Ce qu'elle a fait avant? À l'âge de 18 ans, la native de Bruxelles a remporté l'argent en synchro aux Jeux de Sydney. Elle a répété l'exploit quatre ans plus tard, en 2004, obtenant le bronze à Athènes. Heymans a complété son tableau de chasse olympique en gagnant l'argent à Pékin au 10 m.

Trois en trois, donc. À Londres, elle s'est qualifiée au plongeon de 3 m et en synchro. C'est dans cette dernière épreuve qu'elle a le plus de chances d'ajouter cette quatrième médaille olympique qui la ferait passer à l'histoire.

«Mes entraînements vont super bien. Je me suis vraiment bien préparée. Advienne que pourra», dit Heymans.

Éloigner la pression

Ses paroles trahissent un certain abandon. Même si elles sont sincères, on devine qu'elles sont motivées par la volonté de ne pas se mettre une pression insoutenable. C'est peut-être la partenaire d'Heymans en synchro qui résume le mieux la situation: pour Jennifer Abel, tout est une question de perception.

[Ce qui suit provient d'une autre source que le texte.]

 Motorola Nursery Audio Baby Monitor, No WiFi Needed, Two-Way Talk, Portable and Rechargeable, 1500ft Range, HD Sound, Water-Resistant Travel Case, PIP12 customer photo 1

«On n'en parle pas ensemble. Parce que oui, c'est important d'entrer dans l'histoire, mais ça n'entre pas dans nos objectifs, relate la plongeuse de 20 ans. Notre objectif, c'est de monter sur le podium, pas d'entrer dans l'histoire. Parce que si on voit ça comme ça, on se met beaucoup trop de pression.»

Heymans et Abel vont s'exécuter dimanche en fin de journée. Plutôt que de se réveiller en se disant «aujourd'hui, je dois gagner une médaille et passer à l'histoire», la Montréalaise promet de se concentrer sur chacun de ses plongeons.

«Tu ne peux pas garder tes yeux, garder ton énergie sur le résultat, sur la médaille. Tu dois penser à ce que tu dois faire pour bien réussir, dit-elle. Parce que si la performance n'est pas là, c'est certain que la médaille ne sera pas là. Dans la journée, l'attention est sur le prochain plongeon. Pas plus loin.»

Jennifer Abel pense évidemment la même chose. Mais elle avoue que de remporter une médaille dimanche serait quelque chose d'exceptionnel. «Je suis heureuse de partager ça avec Émilie, je veux être à ses côtés quand ce moment-là va arriver, admet la jeune athlète. Ça ne fait pas longtemps qu'on est ensemble, ça fait deux ans, et je pense que chacune, on ne voudrait vivre ce moment-là avec personne d'autre.»